They said they hoped to retain the UK as “a close partner of the European Union” in the future and in a way that reflected the “interests of both sides”.
But they added: “We now expect the United Kingdom government to give effect to this decision of the British people as soon as possible, however painful that process may be.
“Any delay would unnecessarily prolong uncertainty.”
But in his first statement since Britain voted to quit the EU, Vote Leave figurehead Mr Johnson said there was no need to rush triggering Article 50 of the Lisbon treaty, which triggers the exit process.
“In voting to leave the EU it is vital to stress that there is now no need for haste,” the former London mayor told a press conference.
“Indeed as the Prime Minister has just said nothing will change over the short term except work will have to begin on how to give effect to the will of the people and to extricate this people from the supranational system.”
Mr Johnson’s Vote Leave colleague Michael Gove echoed the sentiment, arguing the process would be one of “gradual divergence”.
“The British people’s vote to leave is the start of a process, and while that process is ongoing our existing trading relationships with the European Union and the rest of the world will continue as before,” the Justice Secretary added.

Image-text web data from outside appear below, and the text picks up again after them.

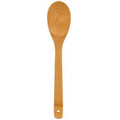 Bamboo Salad Spoon 12"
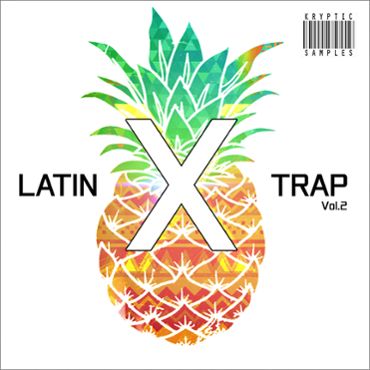 Latin X Trap Vol 2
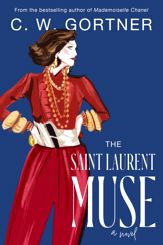 The Saint Laurent Muse - 18 Mar 2025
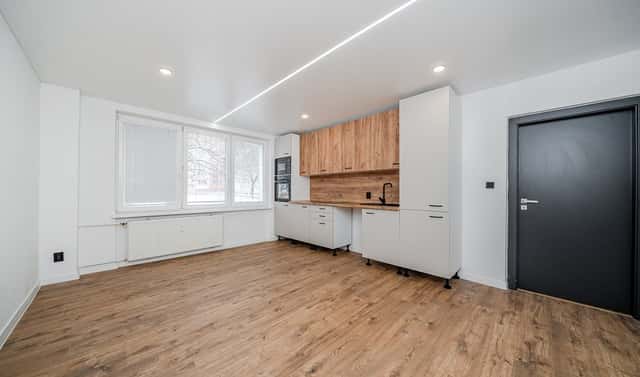Prodej bytu 3+kk 62 m², Břustkova, Ostrava – Výškovice, okres Ostrava-město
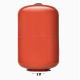 Розширювальний бак Euroaqua EA 24 L (круглий)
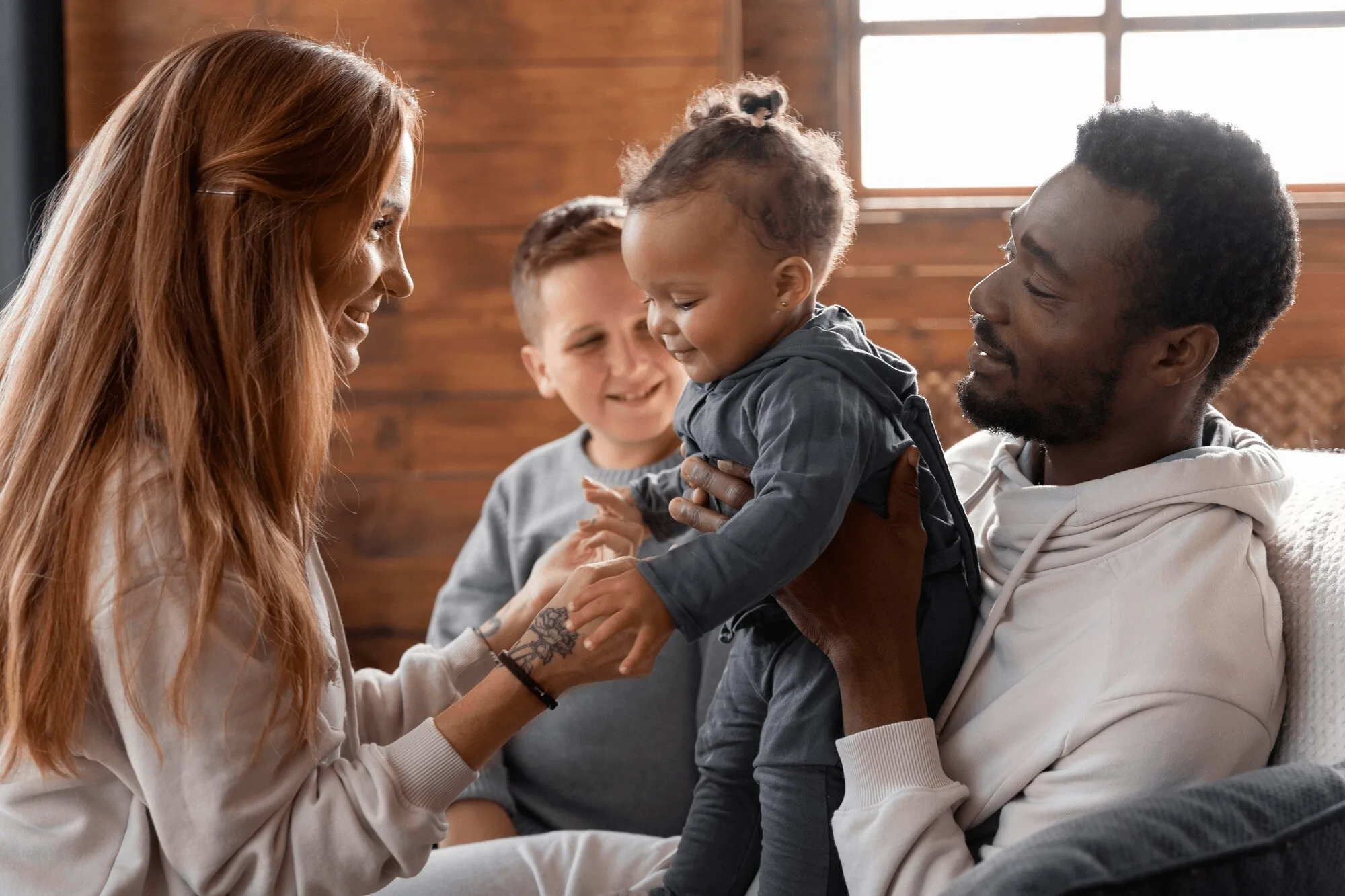 Guidance on Parenting Time and Visitation in Thousand Oaks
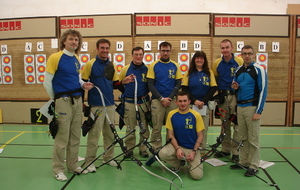 championnat de l'aisne en salle adultes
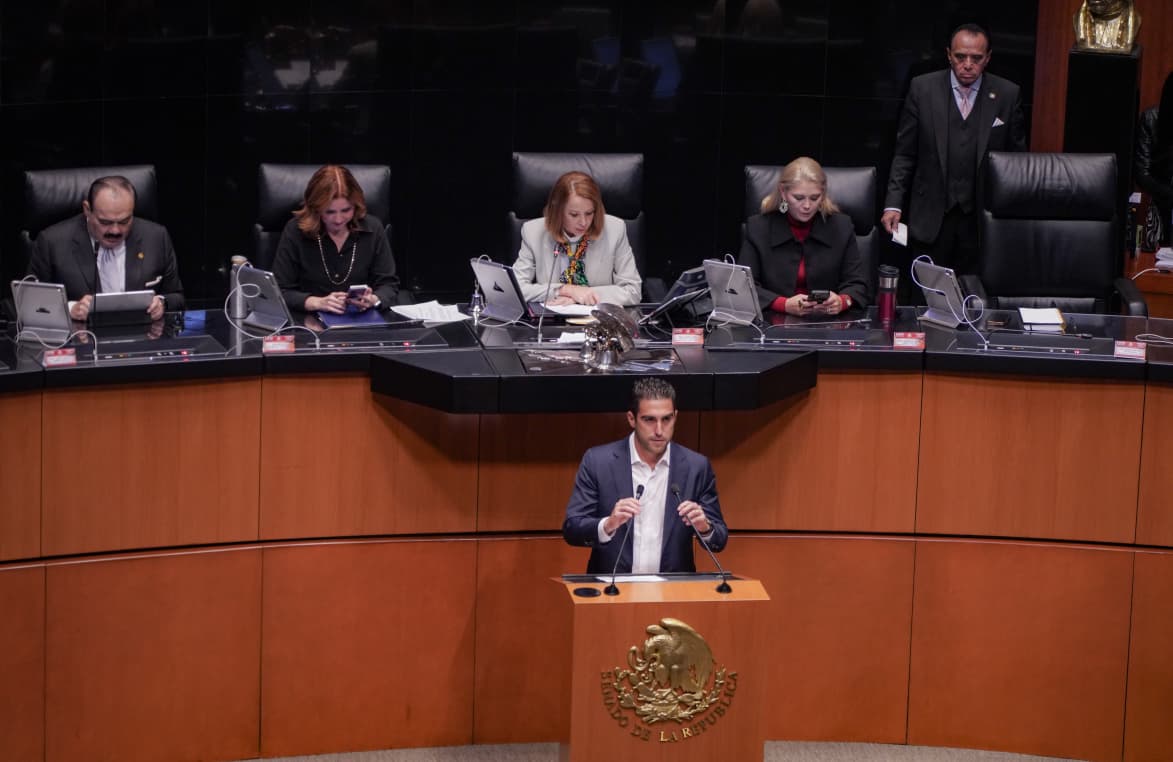 Senado aprueba Día Nacional de la Persona Guía de Turismo
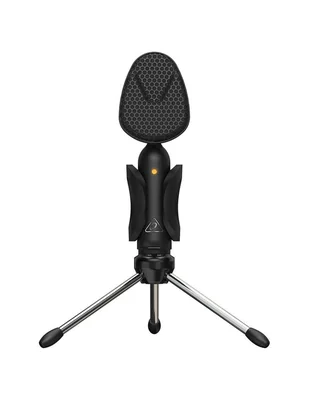 Micrófono semi profesional alámbrico Behringer bv4038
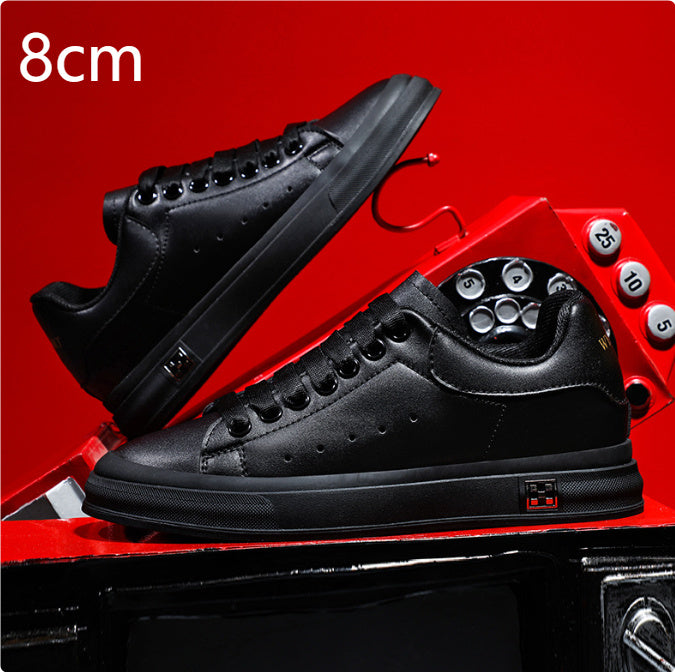 R&B | Herren Sneaker mit Erhöhung 6Cm
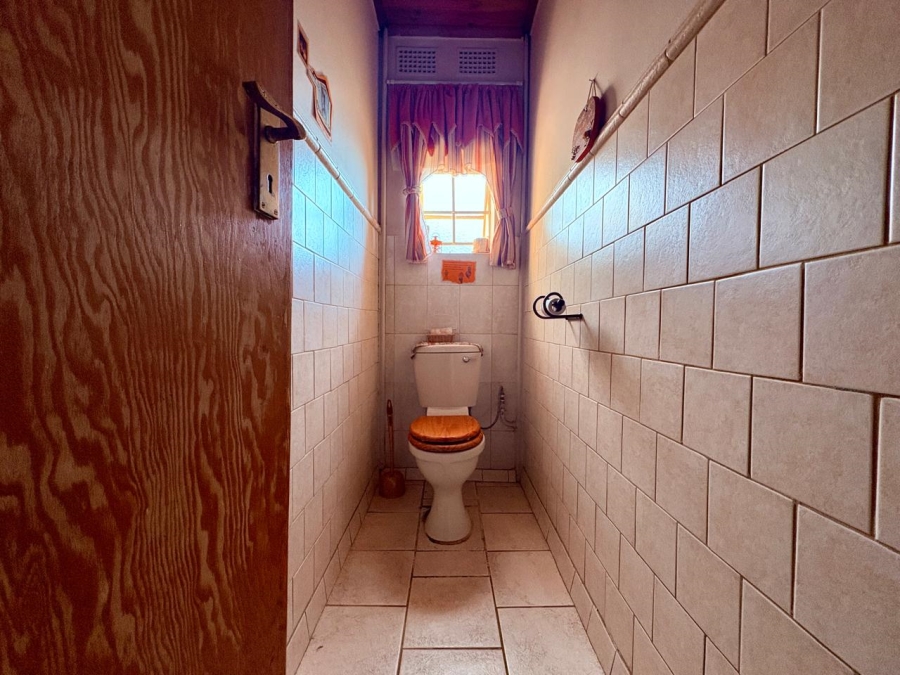 2 Bedroom Property for Sale in Selection Park Gauteng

“As we move forward, we should be in no doubt that Britain is embarking on a new chapter, but one that is in line with our best traditions.
“We have always been an open, inclusive, tolerant, creative and generous nation.”
The top Tories also paid tribute to David Cameron, who announced this morning he would step down after voters rejected his call for the UK to stay in the EU by 51.9% to 48.1%.
Mr Johnson, who is expected to bid for the top job, labelled the Prime Minister “a brave and principled man” and “one of the most extraordinary politicians of our age”.
Mr Gove added that his boss had “led this country with courage, dignity and grace”.
“He and the Chancellor rebuilt our economy. He has made opportunity more equal in our society. He has exemplified the very best in public service. He deserves to be remembered as a great Prime Minister.”